Problem requirements: Return verbatim the portion of the material below that starts at the line containing "2026 Volkswagen Atlas" and ends at its last line.

Supplied records: Begin

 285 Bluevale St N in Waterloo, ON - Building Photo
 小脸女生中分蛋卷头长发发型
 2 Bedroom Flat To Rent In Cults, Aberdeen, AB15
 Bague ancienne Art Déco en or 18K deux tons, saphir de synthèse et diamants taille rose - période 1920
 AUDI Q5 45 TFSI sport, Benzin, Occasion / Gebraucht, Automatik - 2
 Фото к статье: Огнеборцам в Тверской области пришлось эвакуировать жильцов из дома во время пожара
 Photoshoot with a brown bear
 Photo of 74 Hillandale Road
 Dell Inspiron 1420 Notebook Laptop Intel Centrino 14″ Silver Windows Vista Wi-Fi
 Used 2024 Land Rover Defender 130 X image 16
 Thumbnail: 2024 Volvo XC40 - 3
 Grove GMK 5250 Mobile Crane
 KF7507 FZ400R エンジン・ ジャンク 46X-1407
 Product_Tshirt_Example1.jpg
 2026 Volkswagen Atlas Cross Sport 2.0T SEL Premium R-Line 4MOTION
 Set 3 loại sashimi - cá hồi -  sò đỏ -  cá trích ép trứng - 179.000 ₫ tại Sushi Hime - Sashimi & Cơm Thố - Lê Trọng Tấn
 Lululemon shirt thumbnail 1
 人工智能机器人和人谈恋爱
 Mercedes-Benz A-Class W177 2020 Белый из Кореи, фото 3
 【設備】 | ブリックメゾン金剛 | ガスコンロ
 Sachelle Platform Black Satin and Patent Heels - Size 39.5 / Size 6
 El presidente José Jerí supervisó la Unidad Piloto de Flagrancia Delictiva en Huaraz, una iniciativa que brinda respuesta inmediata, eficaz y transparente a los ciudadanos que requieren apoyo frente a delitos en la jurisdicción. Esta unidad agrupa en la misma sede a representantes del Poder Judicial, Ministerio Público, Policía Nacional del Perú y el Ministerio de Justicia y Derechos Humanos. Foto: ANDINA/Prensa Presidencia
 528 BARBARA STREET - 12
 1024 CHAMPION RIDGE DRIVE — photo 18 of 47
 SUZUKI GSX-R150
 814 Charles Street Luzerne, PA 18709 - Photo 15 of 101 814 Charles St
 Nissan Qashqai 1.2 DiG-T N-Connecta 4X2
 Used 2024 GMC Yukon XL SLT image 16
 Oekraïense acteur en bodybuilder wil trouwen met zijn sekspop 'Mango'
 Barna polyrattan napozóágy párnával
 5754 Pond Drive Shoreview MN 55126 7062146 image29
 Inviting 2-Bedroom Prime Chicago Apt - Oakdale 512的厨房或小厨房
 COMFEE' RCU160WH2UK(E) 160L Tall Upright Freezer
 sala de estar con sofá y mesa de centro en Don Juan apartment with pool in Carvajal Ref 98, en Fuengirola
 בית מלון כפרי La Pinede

Supplied records: End

Your solution:
 2026 Volkswagen Atlas Cross Sport 2.0T SEL Premium R-Line 4MOTION
 Set 3 loại sashimi - cá hồi -  sò đỏ -  cá trích ép trứng - 179.000 ₫ tại Sushi Hime - Sashimi & Cơm Thố - Lê Trọng Tấn
 Lululemon shirt thumbnail 1
 人工智能机器人和人谈恋爱
 Mercedes-Benz A-Class W177 2020 Белый из Кореи, фото 3
 【設備】 | ブリックメゾン金剛 | ガスコンロ
 Sachelle Platform Black Satin and Patent Heels - Size 39.5 / Size 6
 El presidente José Jerí supervisó la Unidad Piloto de Flagrancia Delictiva en Huaraz, una iniciativa que brinda respuesta inmediata, eficaz y transparente a los ciudadanos que requieren apoyo frente a delitos en la jurisdicción. Esta unidad agrupa en la misma sede a representantes del Poder Judicial, Ministerio Público, Policía Nacional del Perú y el Ministerio de Justicia y Derechos Humanos. Foto: ANDINA/Prensa Presidencia
 528 BARBARA STREET - 12
 1024 CHAMPION RIDGE DRIVE — photo 18 of 47
 SUZUKI GSX-R150
 814 Charles Street Luzerne, PA 18709 - Photo 15 of 101 814 Charles St
 Nissan Qashqai 1.2 DiG-T N-Connecta 4X2
 Used 2024 GMC Yukon XL SLT image 16
 Oekraïense acteur en bodybuilder wil trouwen met zijn sekspop 'Mango'
 Barna polyrattan napozóágy párnával
 5754 Pond Drive Shoreview MN 55126 7062146 image29
 Inviting 2-Bedroom Prime Chicago Apt - Oakdale 512的厨房或小厨房
 COMFEE' RCU160WH2UK(E) 160L Tall Upright Freezer
 sala de estar con sofá y mesa de centro en Don Juan apartment with pool in Carvajal Ref 98, en Fuengirola
 בית מלון כפרי La Pinede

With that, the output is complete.